___ Records for processing ___

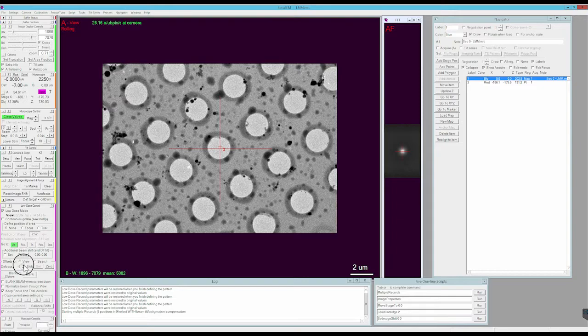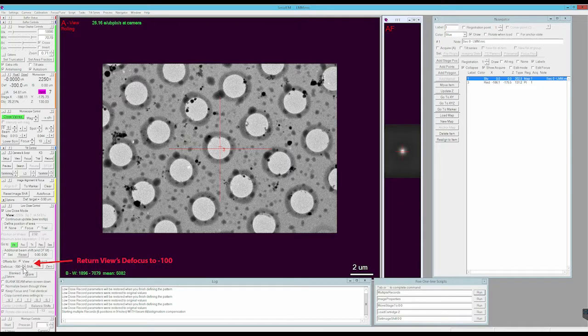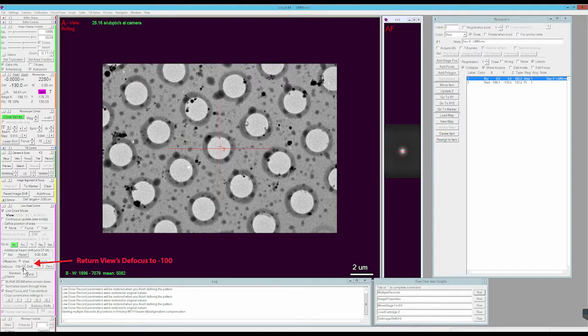Last thing you need to do is reset the defocus value for view back to minus 100 microns.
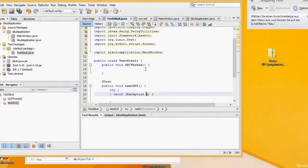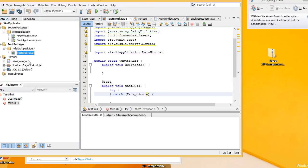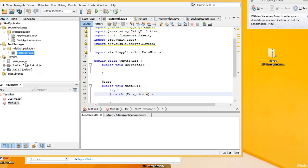Today I will show you how to create a unit test with Sikuli and a Swing GUI debugger. First of all, you need the Sikuli Java library. You can check if it is imported under libraries.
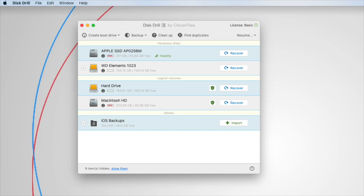So firstly, Disk Drill requires full disk access in order to make the following features work. The first one is it needs full disk access to load a user's iTunes backups for iOS data recovery. The second reason is for when you need to run cleanup mode, and thirdly, when using duplicate finder.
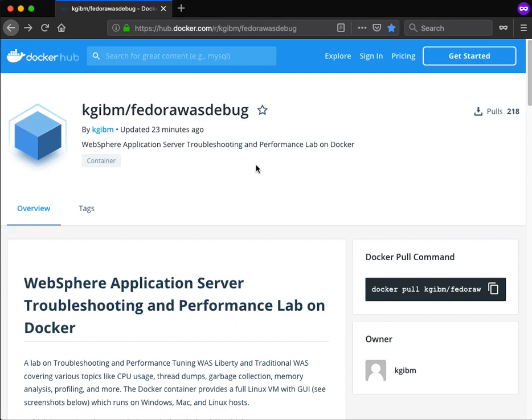This is an overview of the WebSphere Application Server troubleshooting and performance lab on Docker. This is a self-paced lab covering CPU usage, thread dumps, garbage collection, and memory analysis. The whole point is to performance tune and troubleshoot both WebSphere Liberty and traditional WebSphere Application Server.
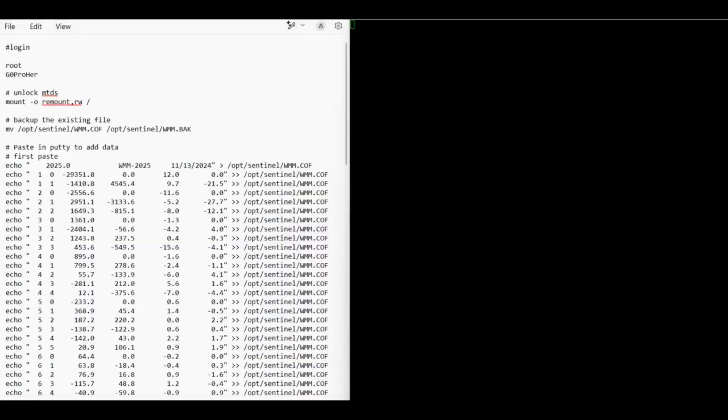G'day, so today I'm just going to run you through how to update the GoPro Karma drone with the new World Magnetic Model data. It's fairly straightforward.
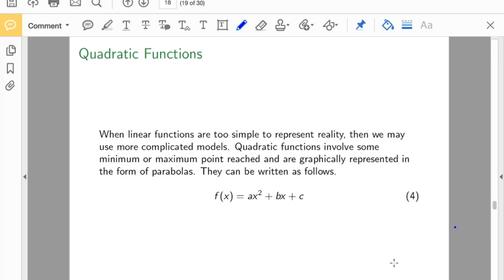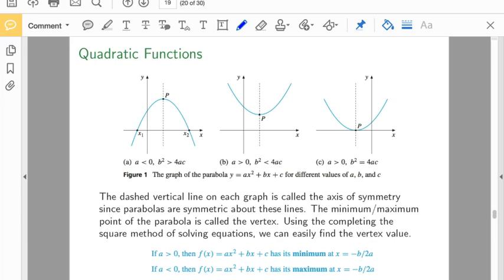When linear functions are too simple to represent reality, we might want to use something more complicated. Quadratic functions might involve some maximum or minimum point, and they can be graphically represented using parabolas. They're generally written as f of x equals ax squared plus bx plus c. The quadratic term is that x squared term.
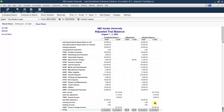If you remember, we discussed in accounting that we have to make a journal, then a ledger, then a trial balance, then adjusting entries, then the adjusted trial balance, and then financial statements and so on. The same thing is done in QuickBooks: unadjusted balances, then adjustments made through journal entries, and this is the adjusted trial balance — both sides are equal.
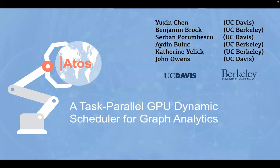Hello, everyone. I'm Yuxing Chen from UC Davis. Today, I'm presenting our work ATOS. It is a task parallel GPU dynamic scheduler for graph analytics.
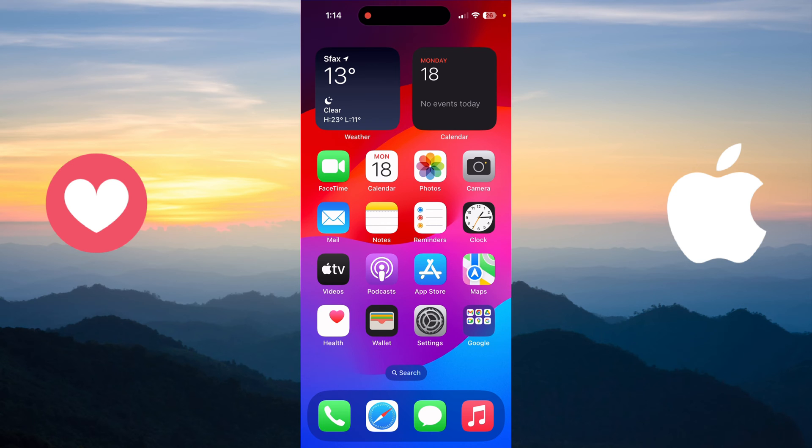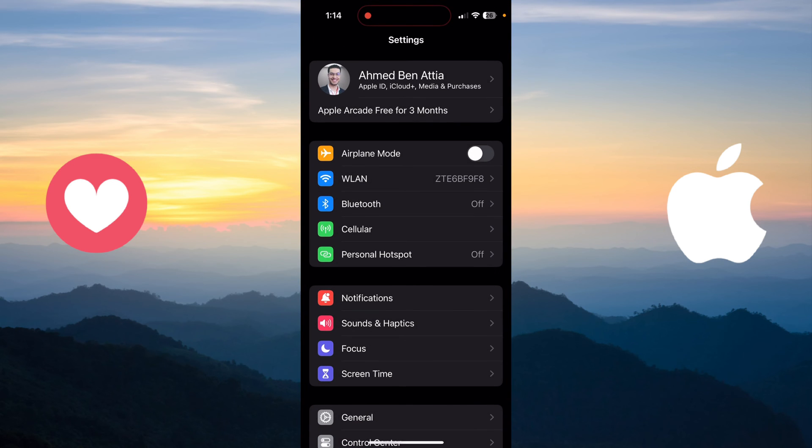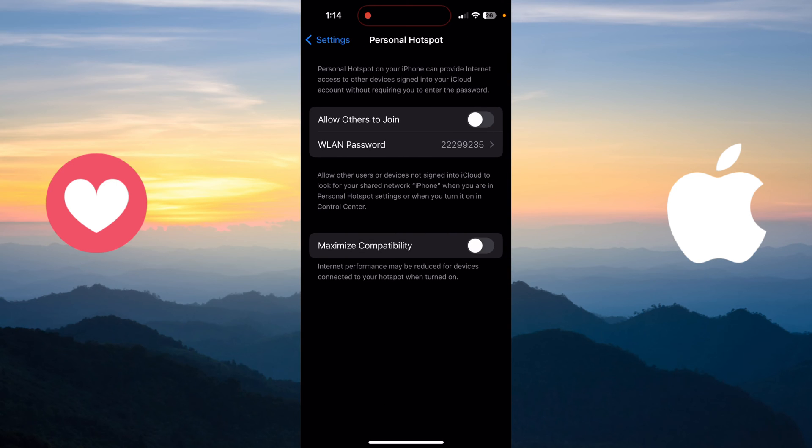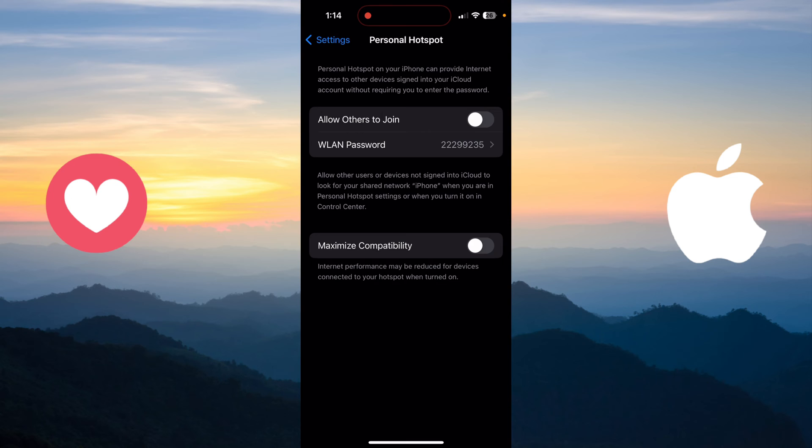We just need to go to Settings and then enter Personal Hotspot. As you can see, this is the password of your hotspot near the WLAN Password field.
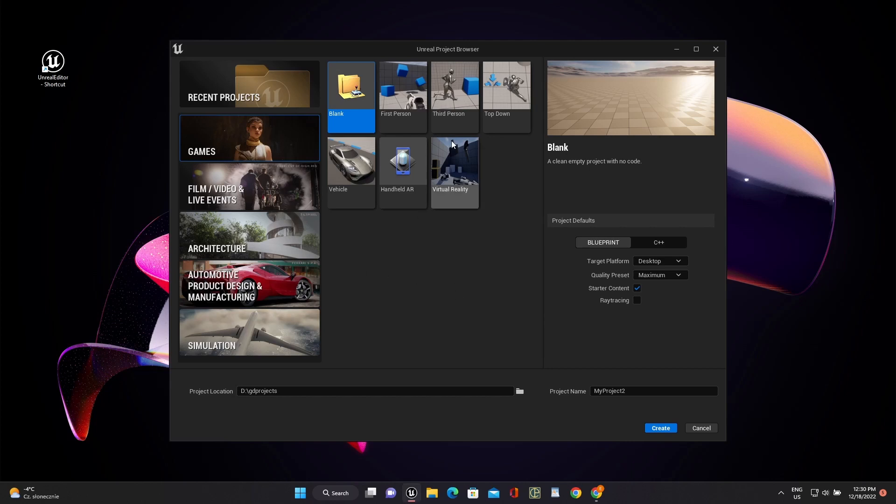Hello everyone, it's Unreal Short and Easy series. And now we start to create a top-down shooter.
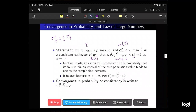As n goes to infinity, sigma squared Y-bar goes to zero, because we have something in the denominator going to infinity. That says the variance goes to zero, which means we're getting closer and closer to the population mean. In other words, an estimator is consistent if the probability that it falls within an interval around the true population value tends to one as the sample size increases. Convergence in probability, or consistency, is written as Y-bar converges in probability to mu Y.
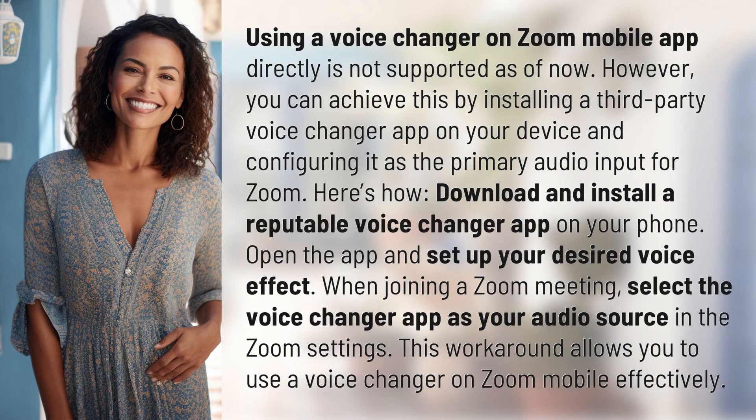Using a voice changer on the Zoom mobile app directly is not supported as of now. However, you can achieve this by installing a third-party voice changer app on your device and configuring it as the primary audio input for Zoom.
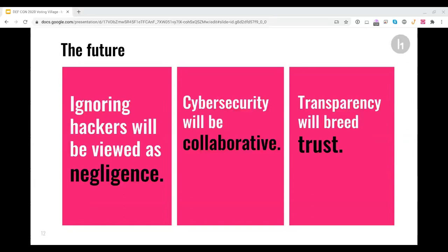Thirdly, the only way for any organization to achieve trust by customers, consumers, or citizens is through transparency, openness. By sharing vulnerability information and cybersecurity policies and practices publicly and with each other, trust will grow.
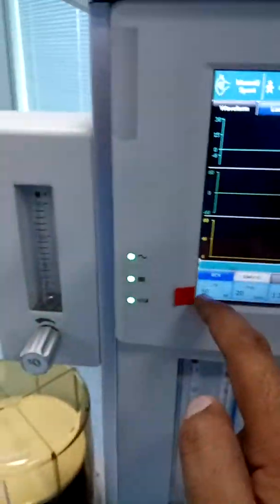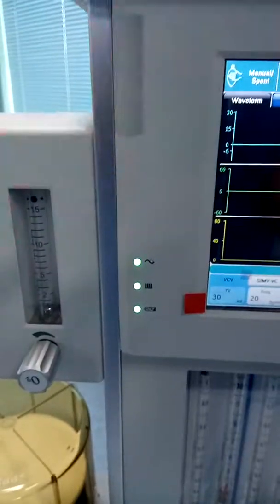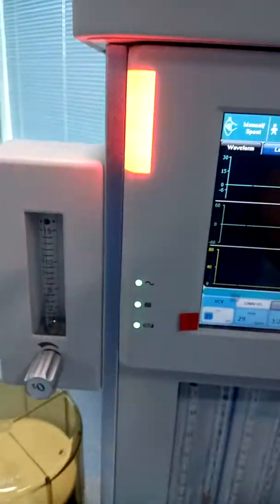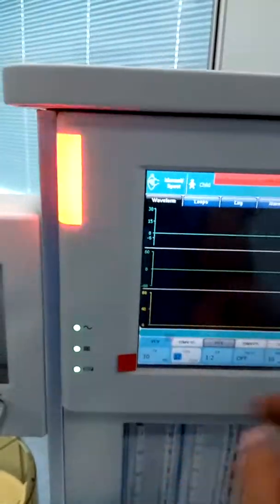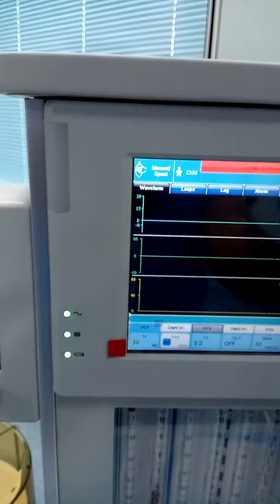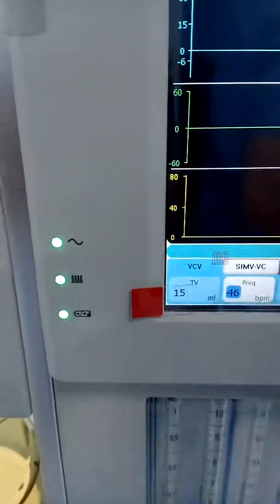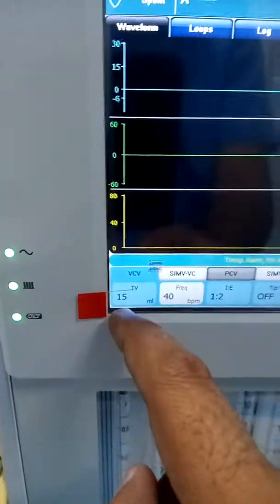The minimum tidal volume for this machine is 15 ml. Currently it shows 30 ml, but if you change the frequency and other settings — increasing the frequency to 25 — it drops to 20 ml, then to 15 ml. This is the minimum tidal volume under volume control mode. Thank you for watching this video.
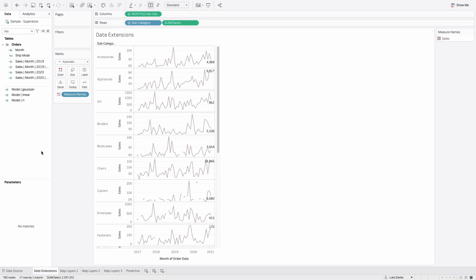This is Tableau Zen Master Luke Stanky and what I want to show you is how I'm going to use a new feature in Tableau out of 2020.4. It's the date extension and let's just hop in.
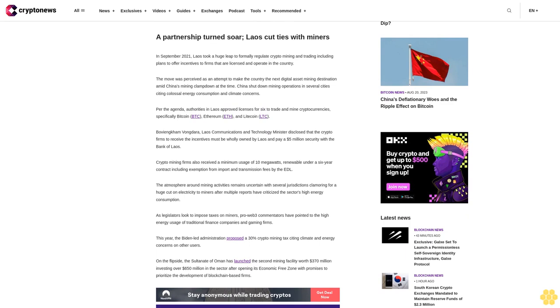For the agenda, authorities in Laos approved licenses for six firms to trade and mine cryptocurrencies, specifically Bitcoin BTC, Ethereum ETH, and Litecoin LTC. Bovian Kem Vandara, Laos Communications and Technology Minister, disclosed that the crypto firms to receive the incentives must be wholly owned by Laos and pay a $5 million security with the Bank of Laos. Crypto mining firms also received a minimum usage of 10 megawatts renewable under a six-year contract, including exemption from import and transmission fees by the EDL.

___

Set down each of the records precisely, leaving any pictures behind.

Last thing you need to do is reset the defocus value for view back to minus 100 microns.
Today I will show you how to create a unit test with Sikuli and a Swing GUI debugger. First of all, you need the Sikuli Java library. You can check if it is imported under libraries.
So firstly, Disk Drill requires full disk access in order to make the following features work. The first one is it needs full disk access to load a user's iTunes backups for iOS data recovery. The second reason is for when you need to run cleanup mode, and thirdly, when using duplicate finder.
This is an overview of the WebSphere Application Server troubleshooting and performance lab on Docker. This is a self-paced lab covering CPU usage, thread dumps, garbage collection, and memory analysis. The whole point is to performance tune and troubleshoot both WebSphere Liberty and traditional WebSphere Application Server.
G'day, so today I'm just going to run you through how to update the GoPro Karma drone with the new World Magnetic Model data. It's fairly straightforward.
When linear functions are too simple to represent reality, we might want to use something more complicated. Quadratic functions might involve some maximum or minimum point, and they can be graphically represented using parabolas. They're generally written as f of x equals ax squared plus bx plus c. The quadratic term is that x squared term.
If you remember, we discussed in accounting that we have to make a journal, then a ledger, then a trial balance, then adjusting entries, then the adjusted trial balance, and then financial statements and so on. The same thing is done in QuickBooks: unadjusted balances, then adjustments made through journal entries, and this is the adjusted trial balance — both sides are equal.
Hello, everyone. I'm Yuxing Chen from UC Davis. Today, I'm presenting our work ATOS. It is a task parallel GPU dynamic scheduler for graph analytics.
We just need to go to Settings and then enter Personal Hotspot. As you can see, this is the password of your hotspot near the WLAN Password field.
Hello everyone, it's Unreal Short and Easy series. And now we start to create a top-down shooter.
As n goes to infinity, sigma squared Y-bar goes to zero, because we have something in the denominator going to infinity. That says the variance goes to zero, which means we're getting closer and closer to the population mean. In other words, an estimator is consistent if the probability that it falls within an interval around the true population value tends to one as the sample size increases. Convergence in probability, or consistency, is written as Y-bar converges in probability to mu Y.
Using a voice changer on the Zoom mobile app directly is not supported as of now. However, you can achieve this by installing a third-party voice changer app on your device and configuring it as the primary audio input for Zoom.
Thirdly, the only way for any organization to achieve trust by customers, consumers, or citizens is through transparency, openness. By sharing vulnerability information and cybersecurity policies and practices publicly and with each other, trust will grow.
The minimum tidal volume for this machine is 15 ml. Currently it shows 30 ml, but if you change the frequency and other settings — increasing the frequency to 25 — it drops to 20 ml, then to 15 ml. This is the minimum tidal volume under volume control mode. Thank you for watching this video.
This is Tableau Zen Master Luke Stanky and what I want to show you is how I'm going to use a new feature in Tableau out of 2020.4. It's the date extension and let's just hop in.
For the agenda, authorities in Laos approved licenses for six firms to trade and mine cryptocurrencies, specifically Bitcoin BTC, Ethereum ETH, and Litecoin LTC. Bovian Kem Vandara, Laos Communications and Technology Minister, disclosed that the crypto firms to receive the incentives must be wholly owned by Laos and pay a $5 million security with the Bank of Laos. Crypto mining firms also received a minimum usage of 10 megawatts renewable under a six-year contract, including exemption from import and transmission fees by the EDL.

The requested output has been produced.